*** Opening STORED DATA ***

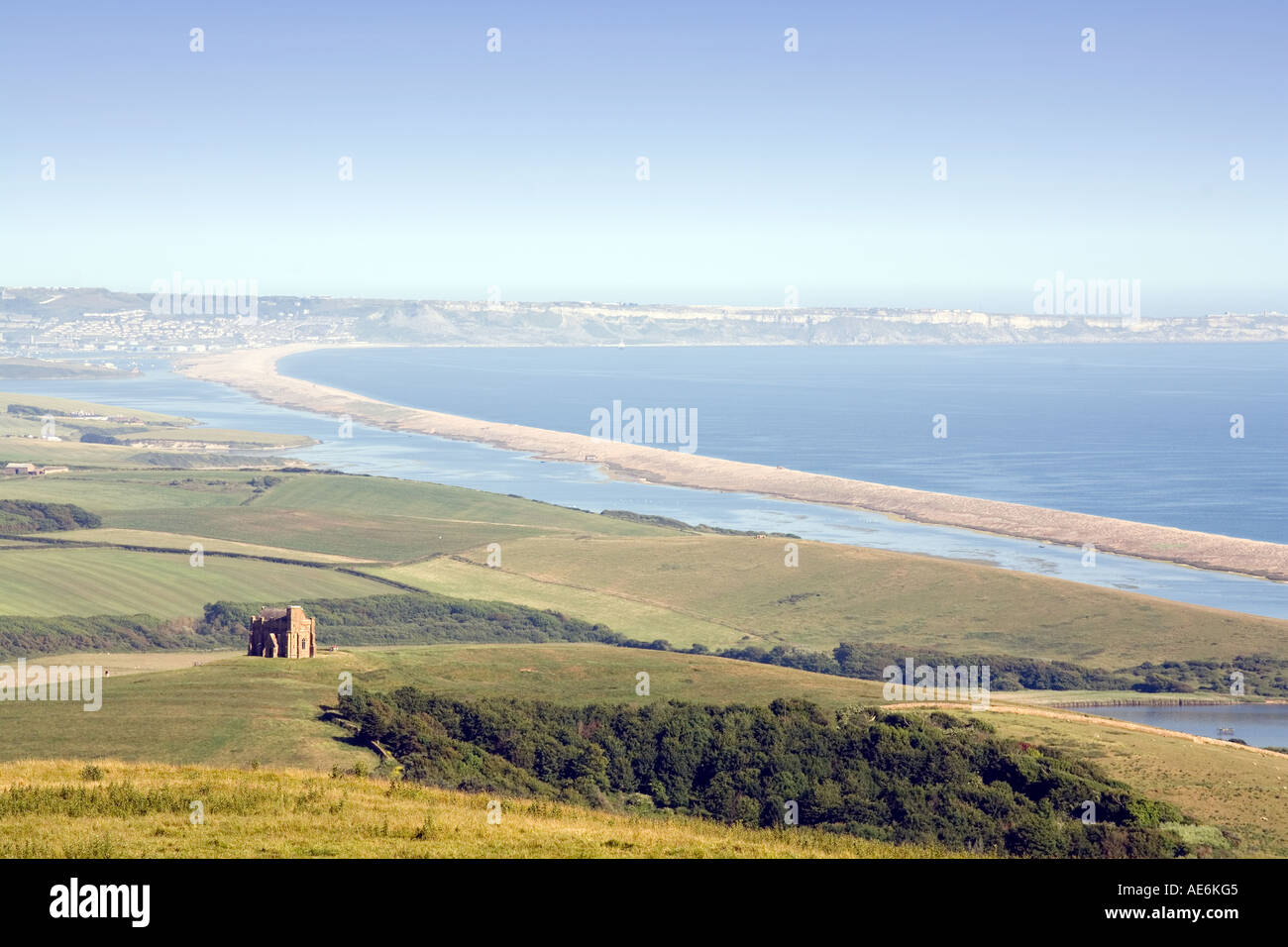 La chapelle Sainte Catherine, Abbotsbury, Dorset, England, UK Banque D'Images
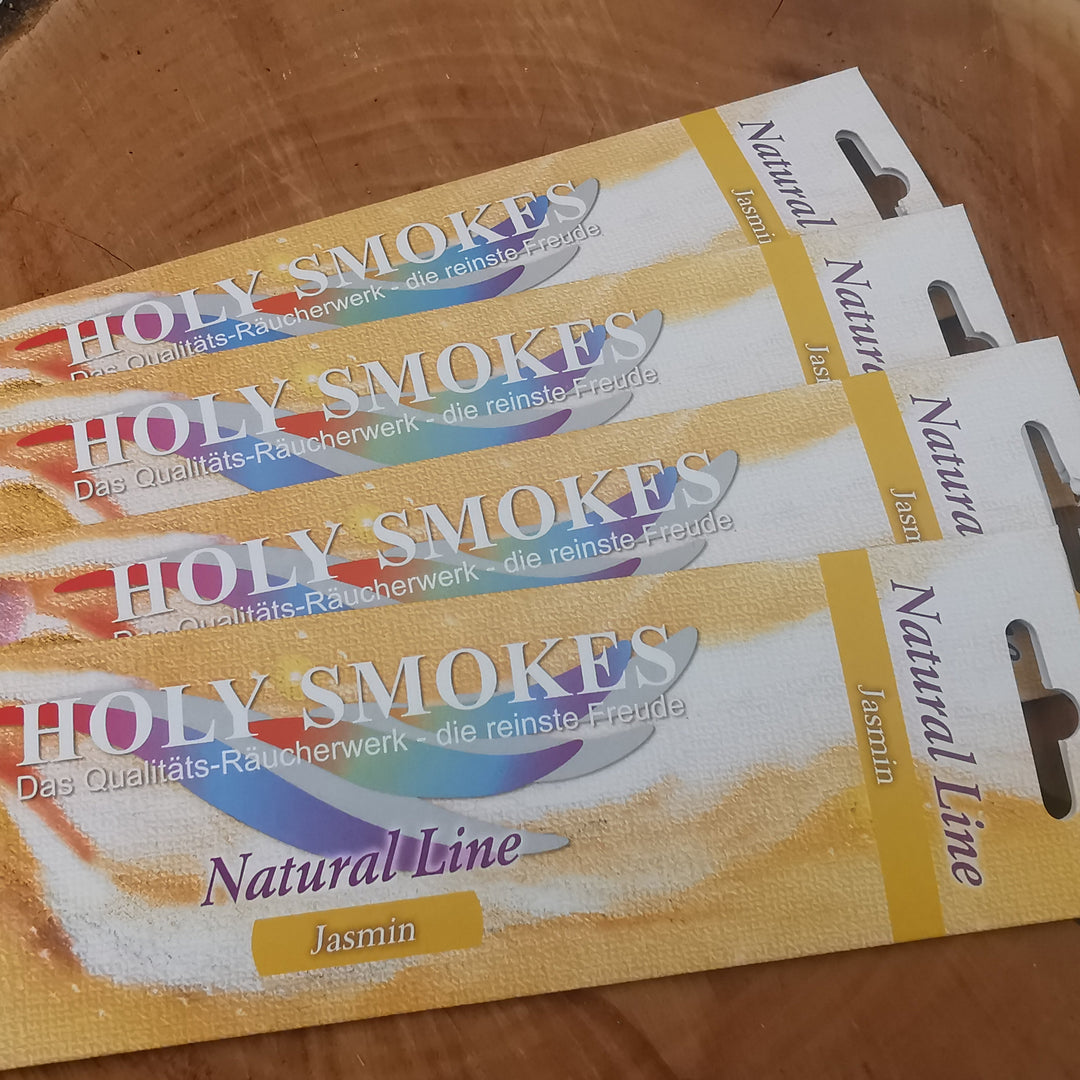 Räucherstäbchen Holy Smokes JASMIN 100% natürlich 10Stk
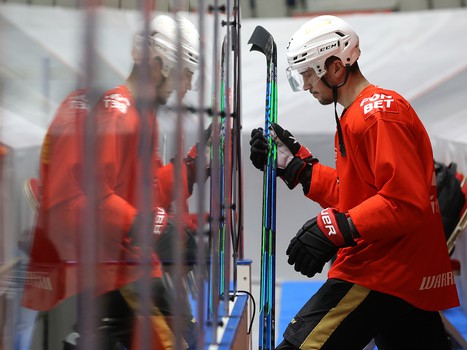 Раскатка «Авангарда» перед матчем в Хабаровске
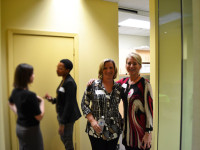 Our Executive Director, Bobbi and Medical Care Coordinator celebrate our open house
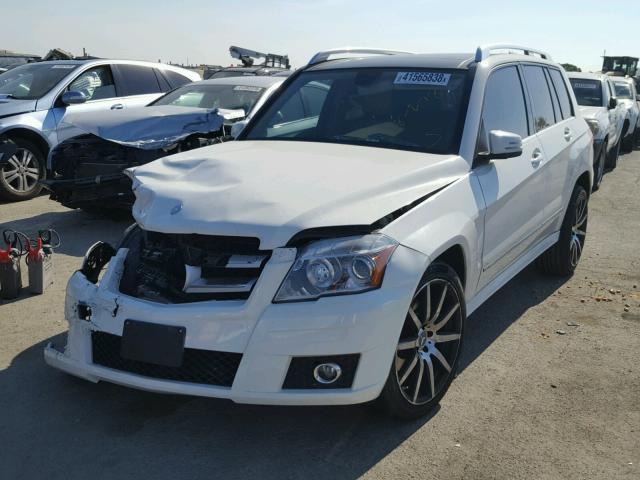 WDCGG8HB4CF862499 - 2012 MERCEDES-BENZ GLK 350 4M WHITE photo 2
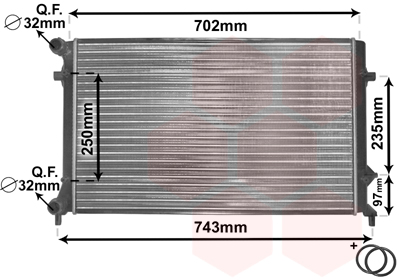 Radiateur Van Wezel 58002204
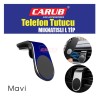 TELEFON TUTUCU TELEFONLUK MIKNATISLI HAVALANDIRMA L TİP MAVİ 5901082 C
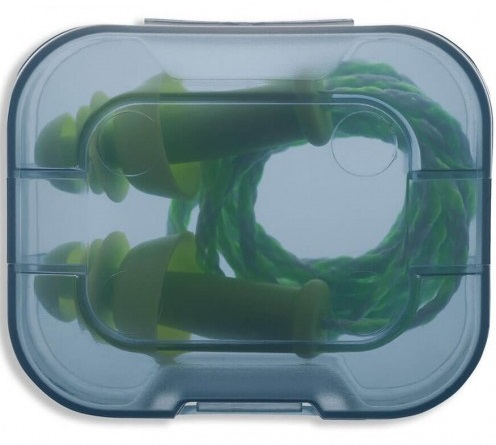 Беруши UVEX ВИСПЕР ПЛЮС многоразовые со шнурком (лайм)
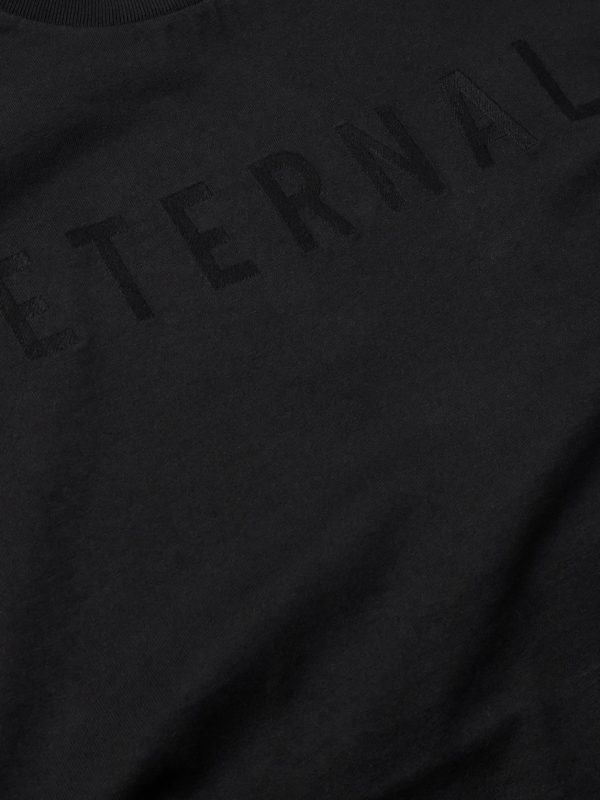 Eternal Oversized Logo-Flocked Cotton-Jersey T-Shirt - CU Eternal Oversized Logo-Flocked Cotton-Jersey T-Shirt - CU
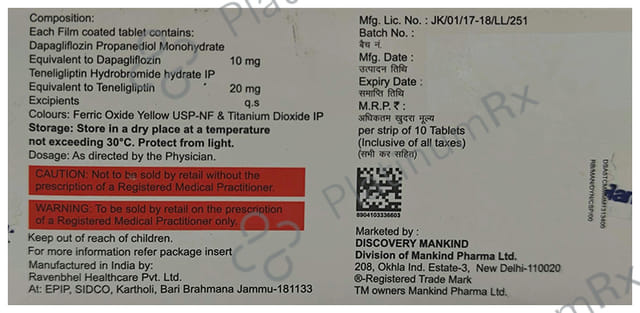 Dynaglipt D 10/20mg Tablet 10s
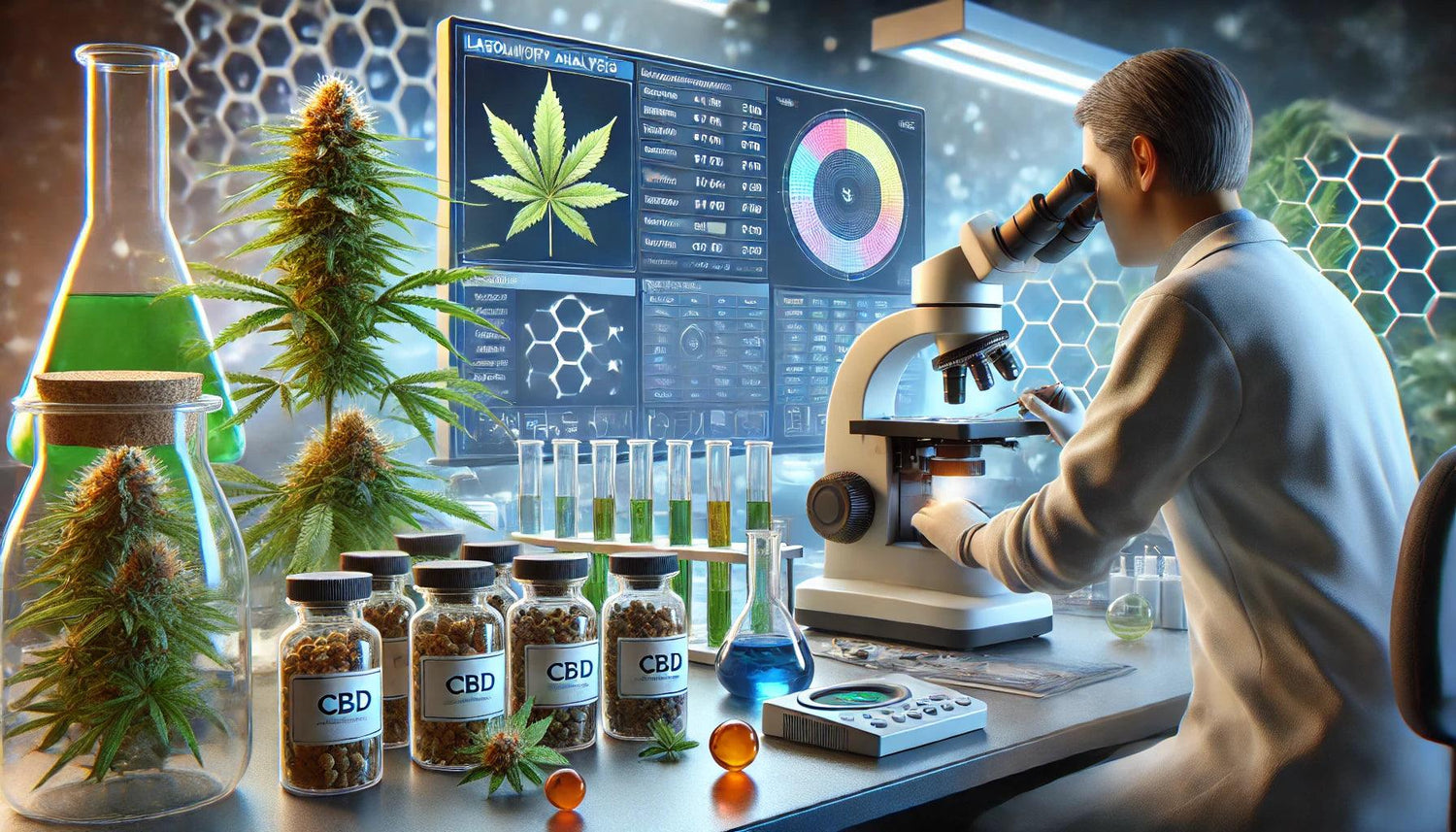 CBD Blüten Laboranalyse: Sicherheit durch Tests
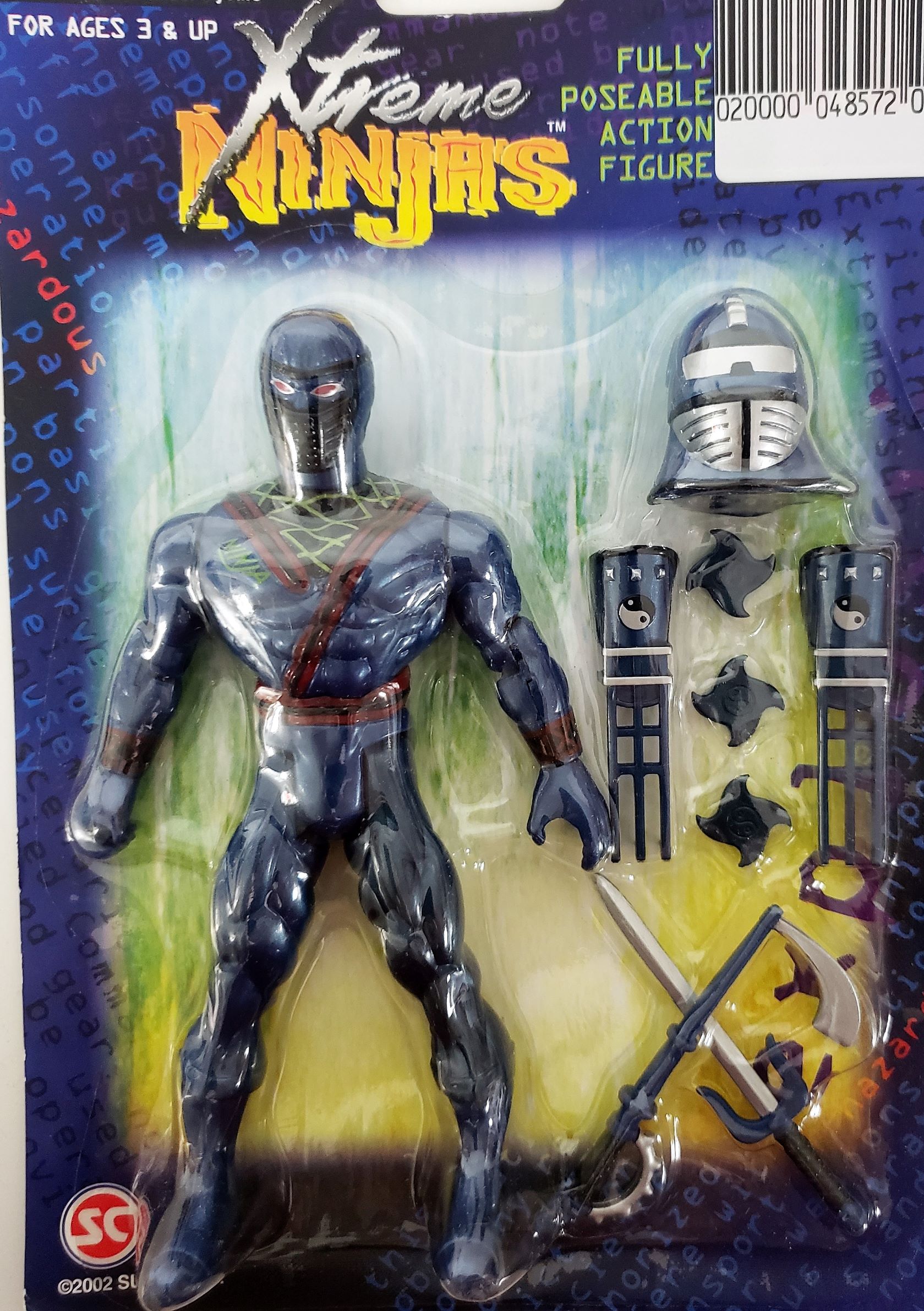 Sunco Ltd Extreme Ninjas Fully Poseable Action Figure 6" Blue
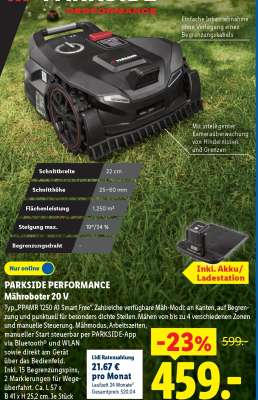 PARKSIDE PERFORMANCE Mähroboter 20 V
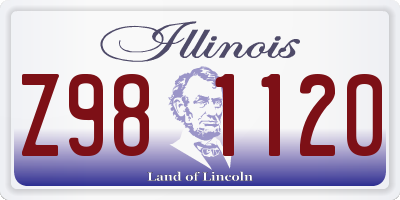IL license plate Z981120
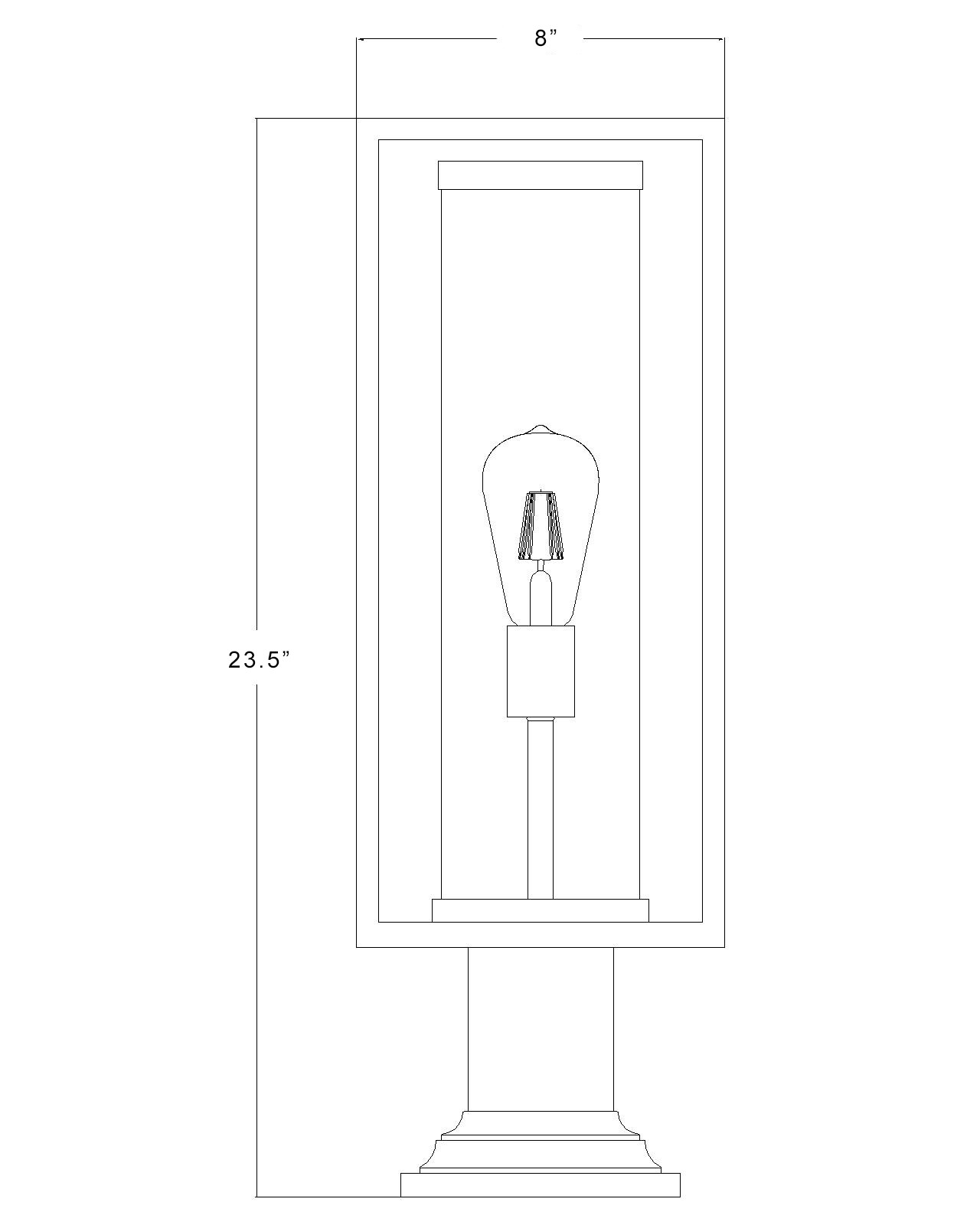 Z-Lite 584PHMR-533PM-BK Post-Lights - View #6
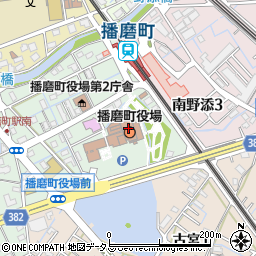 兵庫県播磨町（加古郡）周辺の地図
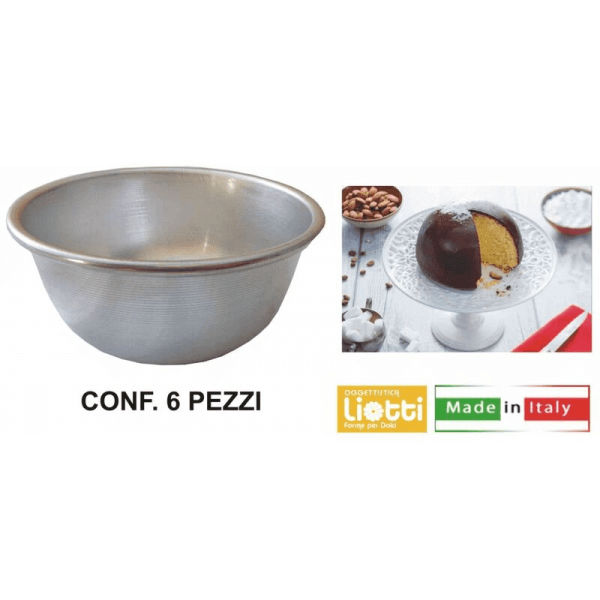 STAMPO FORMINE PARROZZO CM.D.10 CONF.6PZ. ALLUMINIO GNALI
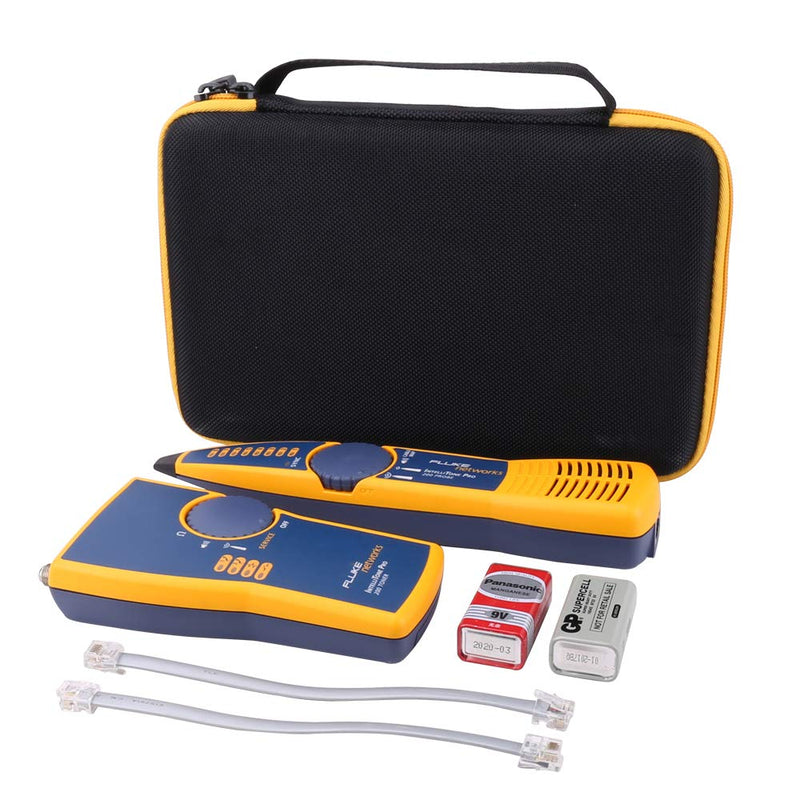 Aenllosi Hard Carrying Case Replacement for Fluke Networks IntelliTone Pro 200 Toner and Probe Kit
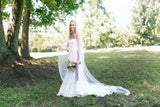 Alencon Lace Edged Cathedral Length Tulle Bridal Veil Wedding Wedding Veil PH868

*** Closing STORED DATA ***

§ WHAT YOU WILL DO:
Copy every entry word for word, but omit the pictures.

§ RESPONSE BELOW:
 La chapelle Sainte Catherine, Abbotsbury, Dorset, England, UK Banque D'Images
 Räucherstäbchen Holy Smokes JASMIN 100% natürlich 10Stk
 Раскатка «Авангарда» перед матчем в Хабаровске
 Our Executive Director, Bobbi and Medical Care Coordinator celebrate our open house
 WDCGG8HB4CF862499 - 2012 MERCEDES-BENZ GLK 350 4M WHITE photo 2
 Radiateur Van Wezel 58002204
 TELEFON TUTUCU TELEFONLUK MIKNATISLI HAVALANDIRMA L TİP MAVİ 5901082 C
 Беруши UVEX ВИСПЕР ПЛЮС многоразовые со шнурком (лайм)
 Eternal Oversized Logo-Flocked Cotton-Jersey T-Shirt - CU Eternal Oversized Logo-Flocked Cotton-Jersey T-Shirt - CU
 Dynaglipt D 10/20mg Tablet 10s
 CBD Blüten Laboranalyse: Sicherheit durch Tests
 Sunco Ltd Extreme Ninjas Fully Poseable Action Figure 6" Blue
 PARKSIDE PERFORMANCE Mähroboter 20 V
IL license plate Z981120
 Z-Lite 584PHMR-533PM-BK Post-Lights - View #6
 兵庫県播磨町（加古郡）周辺の地図
 STAMPO FORMINE PARROZZO CM.D.10 CONF.6PZ. ALLUMINIO GNALI
 Aenllosi Hard Carrying Case Replacement for Fluke Networks IntelliTone Pro 200 Toner and Probe Kit
 Alencon Lace Edged Cathedral Length Tulle Bridal Veil Wedding Wedding Veil PH868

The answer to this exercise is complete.